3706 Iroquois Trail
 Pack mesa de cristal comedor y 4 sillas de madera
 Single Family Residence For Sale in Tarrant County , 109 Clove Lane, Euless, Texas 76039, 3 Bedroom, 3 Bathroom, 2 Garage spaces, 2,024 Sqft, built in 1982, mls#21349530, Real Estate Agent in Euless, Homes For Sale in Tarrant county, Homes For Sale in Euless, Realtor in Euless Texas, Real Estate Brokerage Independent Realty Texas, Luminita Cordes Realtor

WORK ITEM: Please repeat the material in full, keeping it exact.

RESPONSE AREA:
3706 Iroquois Trail
 Pack mesa de cristal comedor y 4 sillas de madera
 Single Family Residence For Sale in Tarrant County , 109 Clove Lane, Euless, Texas 76039, 3 Bedroom, 3 Bathroom, 2 Garage spaces, 2,024 Sqft, built in 1982, mls#21349530, Real Estate Agent in Euless, Homes For Sale in Tarrant county, Homes For Sale in Euless, Realtor in Euless Texas, Real Estate Brokerage Independent Realty Texas, Luminita Cordes Realtor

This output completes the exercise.